Er zijn drie soorten verwering die van invloed zijn op gesteente: fysisch, biologisch en chemisch. Chemische verwering, ook bekend als ontbinding of verval, is de afbraak van gesteente door chemische mechanismen.
Chemische verwering breekt rotsen niet in kleinere fragmenten door wind, water en ijs (dat is fysieke verwering). Evenmin breekt het rotsen uit elkaar door de werking van planten of dieren (dat is biologische weersinvloeden). In plaats daarvan verandert het de chemische samenstelling van het gesteente, meestal door carbonisatie, hydratatie, hydrolyse of oxidatie.
Chemische verwering verandert de samenstelling van het gesteente in de richting van oppervlaktemineralen, zoals klei. Het valt mineralen aan die relatief onstabiel zijn in oppervlaktecondities, zoals de primaire mineralen van stollingsgesteenten zoals basalt, graniet of peridotiet. Het kan ook voorkomen in sedimentaire en metamorfe gesteenten en is een element van corrosie of chemische erosie.

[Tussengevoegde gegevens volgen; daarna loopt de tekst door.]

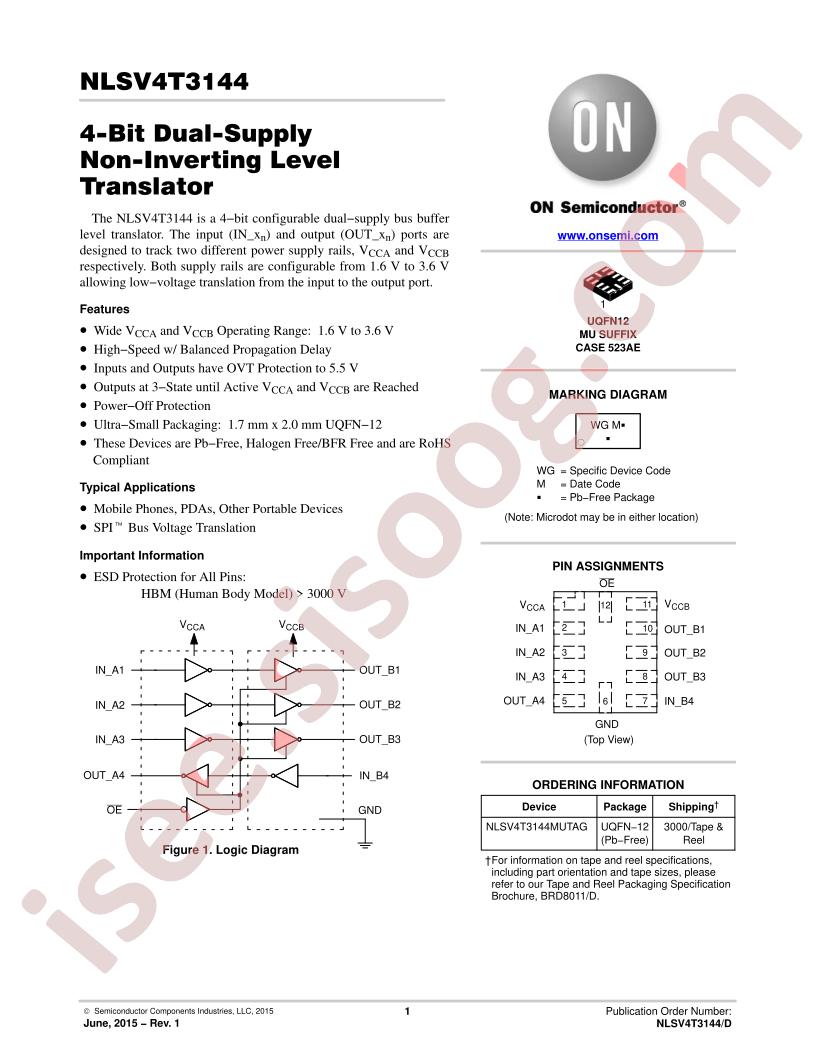 NLSV4T3144M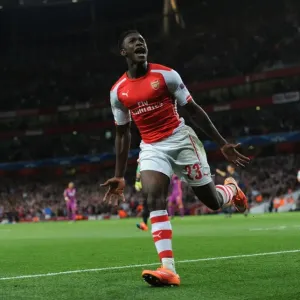 Danny Welbeck Hat-Trick: Arsenal Crush Galatasaray in Champions League Danny Welbeck Hat-Trick: Arsenal Crush Galatasaray in Champions League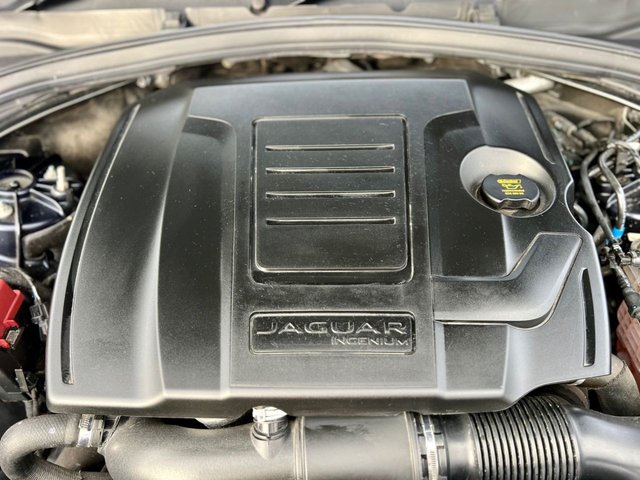 2018 JAGUAR F-PACE 2.0 P250i Portfolio SUV 5dr Petrol Auto AWD Euro 6 (s/s) (250 ps) - Photo 7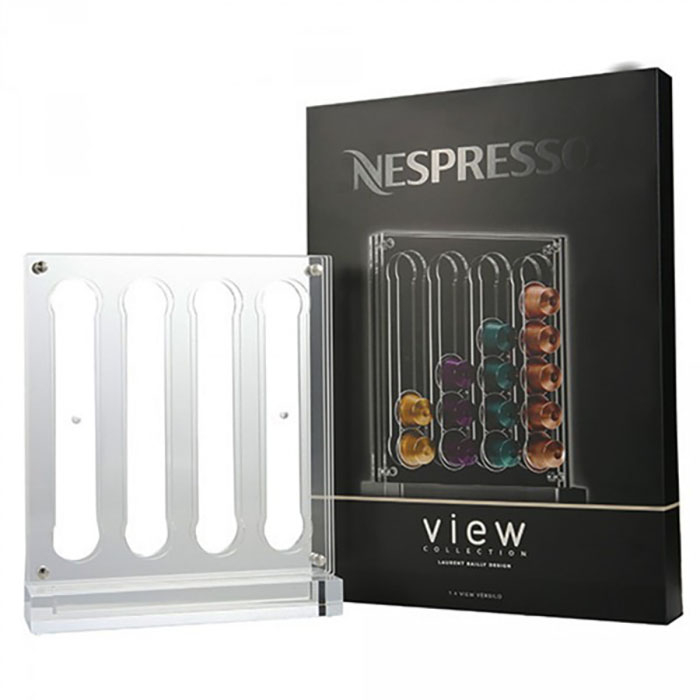 استند نگهدارنده کپسول قهوه نسپرسو مدل View Versil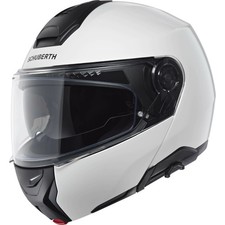 Helm Modular SCHUBERTH CONCEPT Solid Weiß Glänzend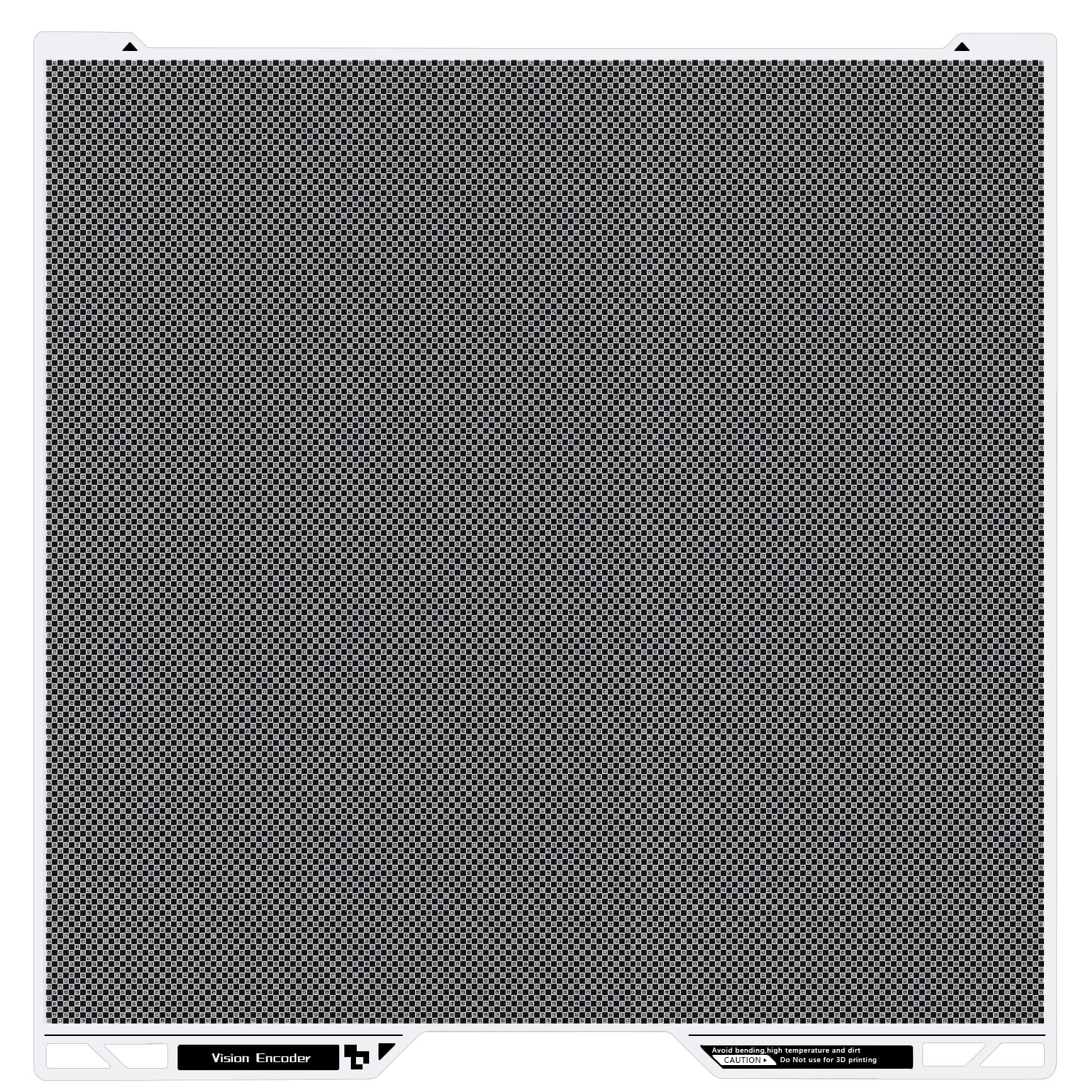 H2C/H2D/H2S Vision Encoder Accuracy to A New Level 335X346.5MM Advanced Calibration Tool 5-Minute Calibration for Weeks-Long Accuracy for Bambu Lab H2D Combo/H2S Combo 3D Printer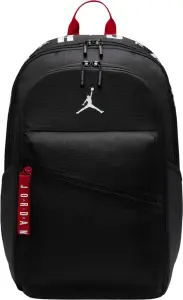 Рюкзак Nike JORDAN AIR PATROL BACKPACK 29L чорно-червоний MA0924-023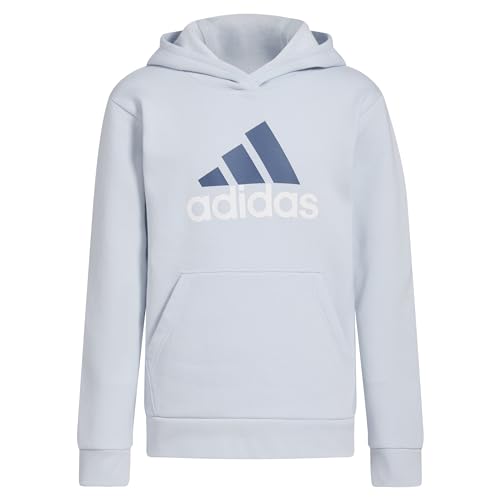 Sweatshirt à capuche Adidas fille pour rester au chaud durant l'hiver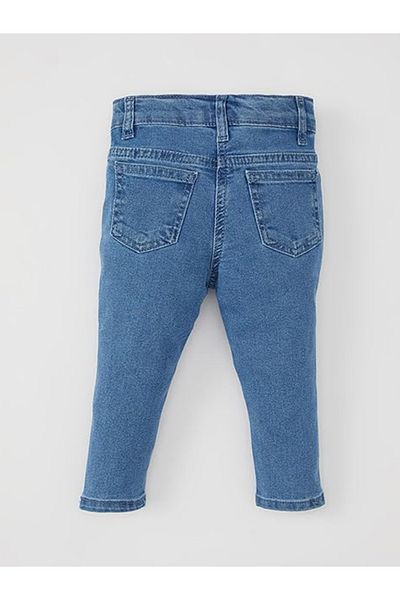 REFA COLLECTİON Girl's Regular Fit Trousers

Water is vooral effectief bij het introduceren van chemisch actieve middelen door middel van breuken en het veroorzaken dat stenen stukjes afbrokkelen. Water kan ook dunne materiaalhulzen losmaken (bij sferoïdisch weer). Chemische verwering kan een ondiepe verandering bij lage temperatuur omvatten.
Laten we eens kijken naar de vier belangrijkste soorten chemische verwering die eerder werden genoemd. Opgemerkt moet worden dat dit niet de enige vormen zijn, maar de meest voorkomende.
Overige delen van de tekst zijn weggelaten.